Leading the round is ADV, with participation from existing backers LocalGlobe, and company builder Entrepreneur First (Lingumi was part of EF’s 5th cohort, which is turning out to be quite a vintage year). A number of unnamed angel investors also took part in the round.
Founded by CEO Toby Mather and CTO Adit Trivedi after they paired up at EF in late 2015, Lingumi has built a language learning platform for pre-school kids, initially targeting the teaching of English. Described as “digital-first,” it consists of an app designed around a curriculum of daily lessons, which can then be augmented with Lingumi’s physical products, such as ‘Play Cubes’ and ‘Jumbo Word Cards’.
In a call with Mather he told me that the Lingumi product that exists today is very different to the one he and Trivedi originally pitched at EF Demo Day back in early 2016, even if the mission remains the same: to increase access to learning a second language, based on a belief that a child’s earliest years present a “magic window” to do so.
Initially, the pair had developed a concept for a connected toy that controlled a learning app but pivoted to a subscription model after families kept hitting the end of the startup’s curriculum and requested more. In July last year, Lingumi ditched the connected toy entirely and switched to a “pure digital subscription,” up selling its now much simpler physical products separately.
“We’re increasingly aware of the exceptional ability of infants to learn a second language from very early in childhood, but access to English is typically restricted to the super rich, or to children aged 7 or older, as they begin to attend school,” says Mather. “Even there, they are taught badly and infrequently. We’re building an English learning methodology that is low-cost, can be used in the earliest years, and is effective, even if the parents themselves don’t speak English”.
The Lingumi platform works best when parents or caregivers participate, too. The app delivers a single lesson per day of around 20 minutes and purposefully limits screen time, hence the range of supplementary non-digital prodicts. “Children receive everything in English, through a playful learning programme built for pre-schoolers, but we encourage and train parents in their native language to play and learn with their children,” explains the Lingumi CEO.
“Multiple studies have shown the impact of this style of co-learning on outcomes. The learning method is also unique: unlike most curriculums, which focus around ‘edutainment’ or reading and writing skills, or teach older children via live video, ours is focused on constructive, natural spoken English in the earliest years. As we develop the curriculum, we’re continually leveraging our data on each child to improve the experience and learning trajectory for them”.

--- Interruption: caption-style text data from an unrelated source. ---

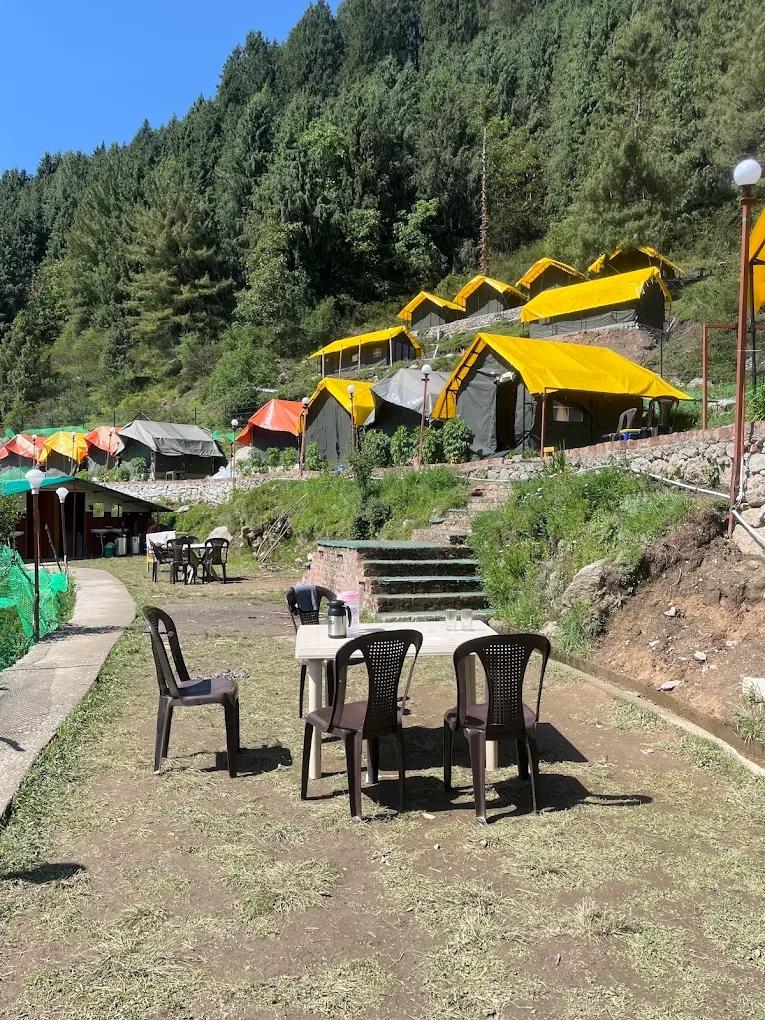 Yellow tents pitched at the camp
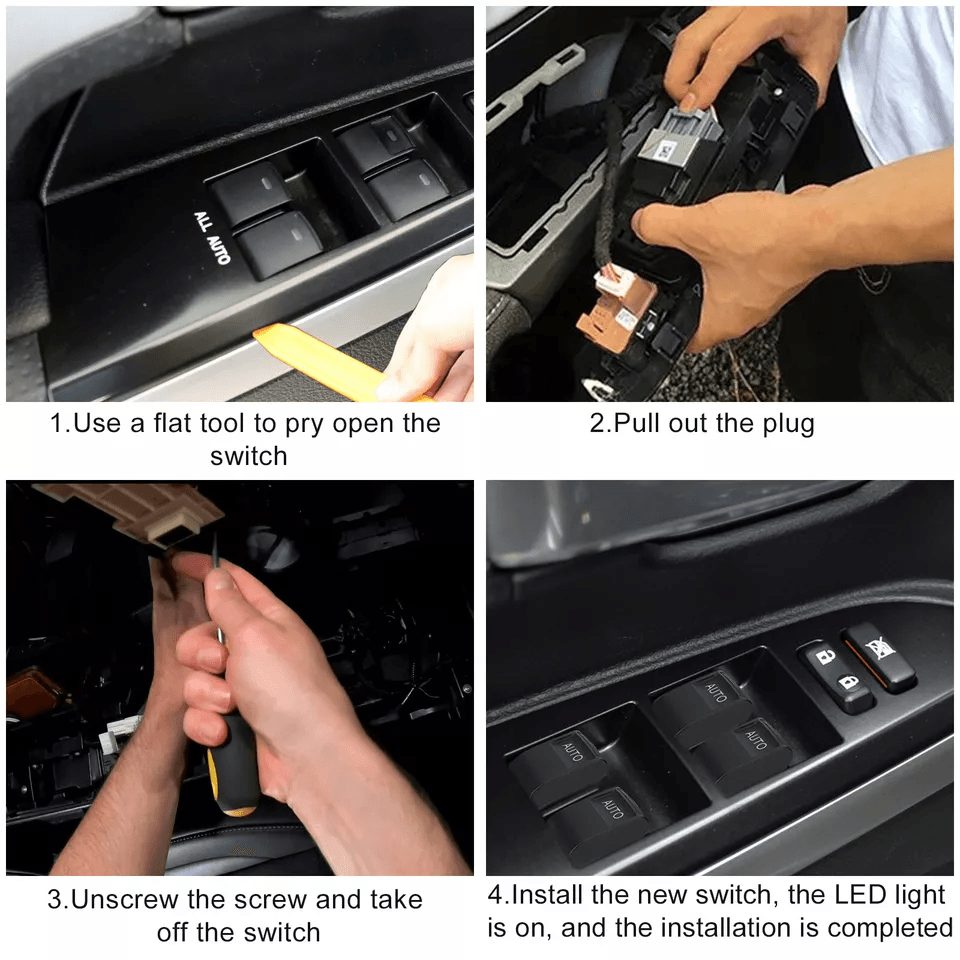 LED Power Window Switch Driver Side Fit For Toyota Tundra Auto Up Down Function Durable ABS OEM Rep 1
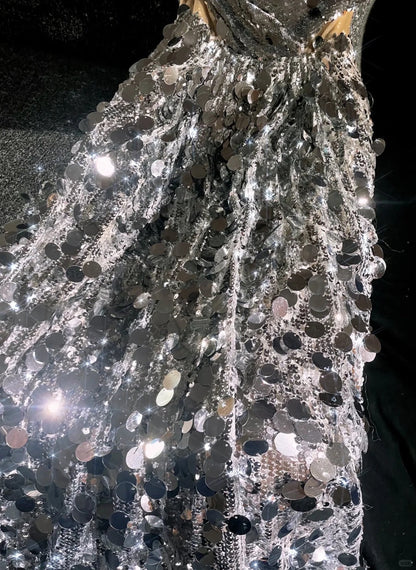 girlhomeshops--Silver sparkling sequins glittering long prom dress prom dress gh5696
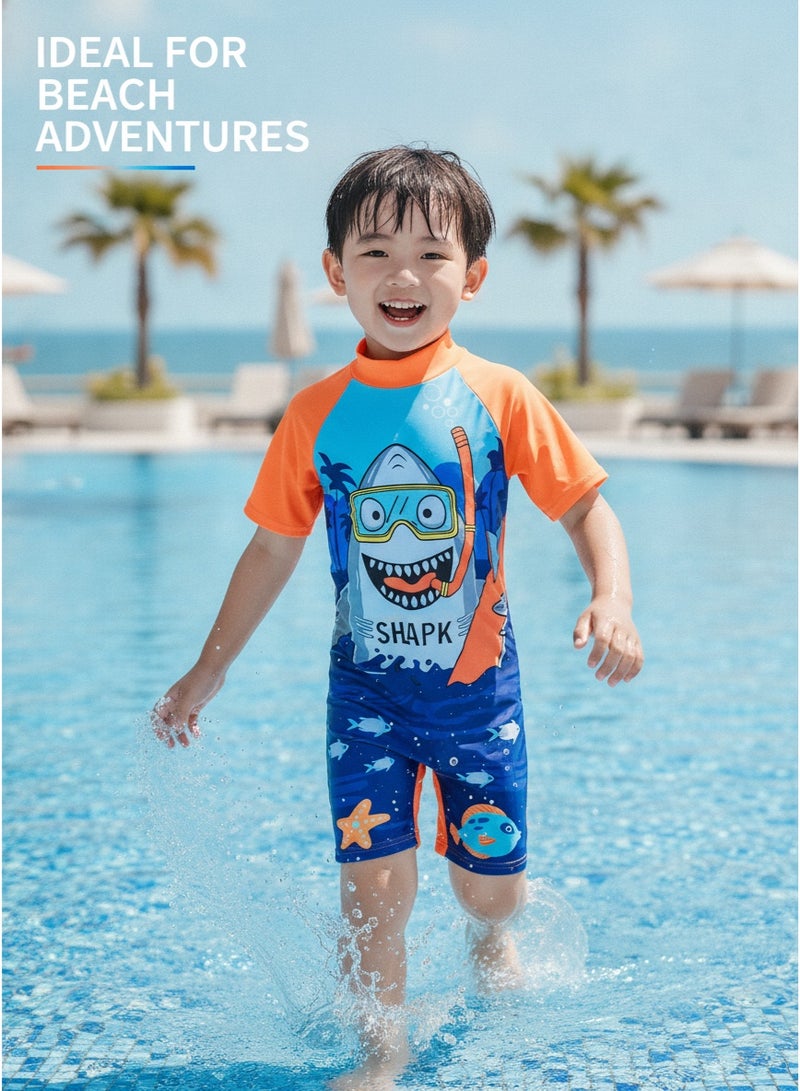 Toddler Boys One-Piece Shark Print Swimsuit Kids Swimwear Children Short Sleeves Swimming Clothing Beachwear Quick Dry Bathing Suit for Summer - Image 5
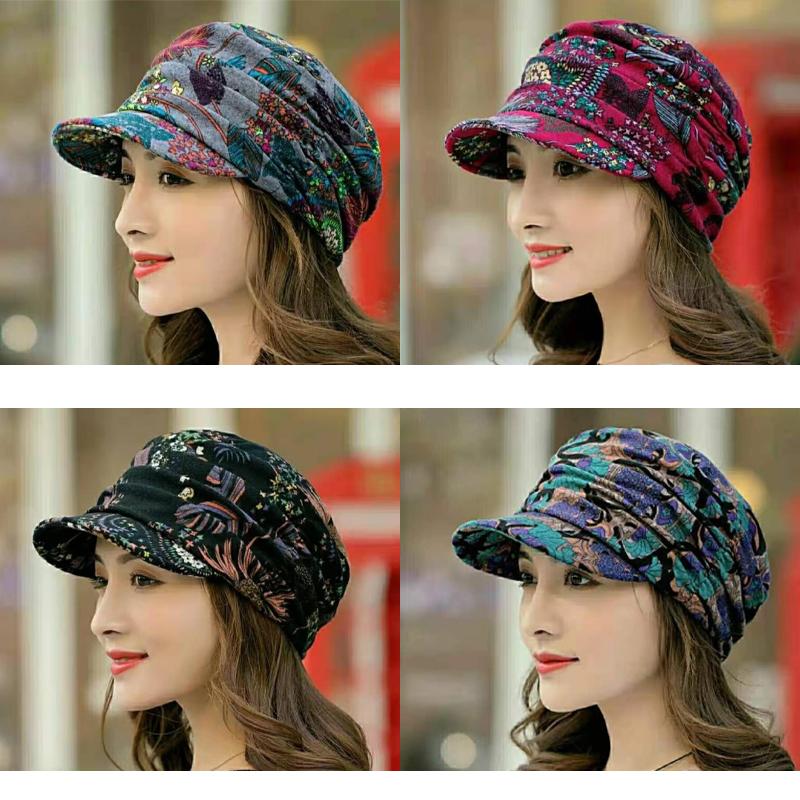 Gorra plisada con estampado floral y visera corta para mujer - Cálida y elegante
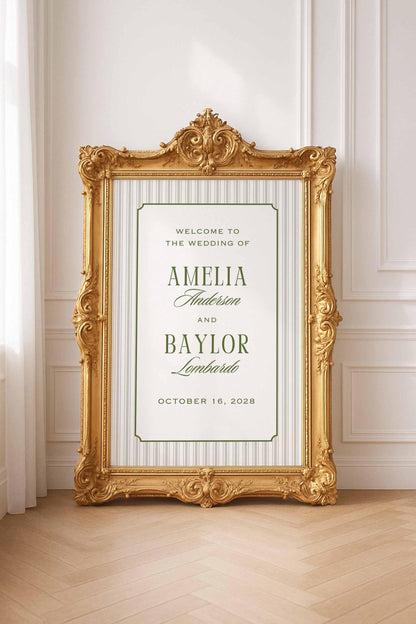 Old Money Striped Wedding Welcome Sign Template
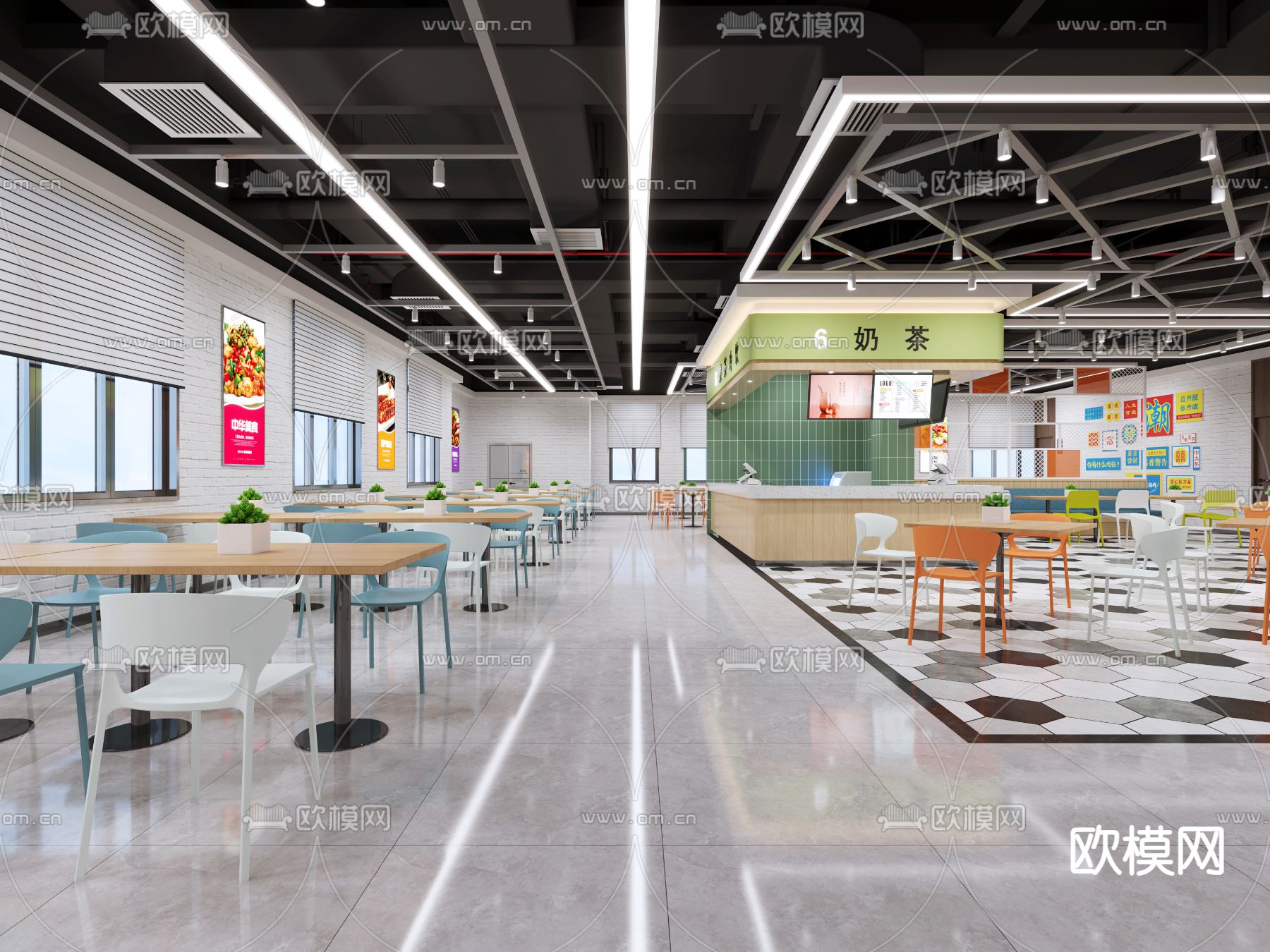 现代美食城 快餐店3d模型下载（渲染图5）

To date, Lingumi claims 10,000 users and Mather says typical customers are families with one or two working parents, “usually middle or working-class, aspirational families who understand both the fun, and the educational benefit of beginning a second language with their child”. It has customers in over 40 countries, but is mainly focussed on Western Europe, Taiwan, and, increasingly, China.
In fact, Mather says China is a potentially huge market and is in part seeing the startup pilot a version of Lingumi for kindergartens that want to begin teaching English, leveraging the company’s existing learning method and content.
To that end, the company plans to use the new seed funding to further develop its “digital and physical product ecosystem,” and scale the learning platform into new markets.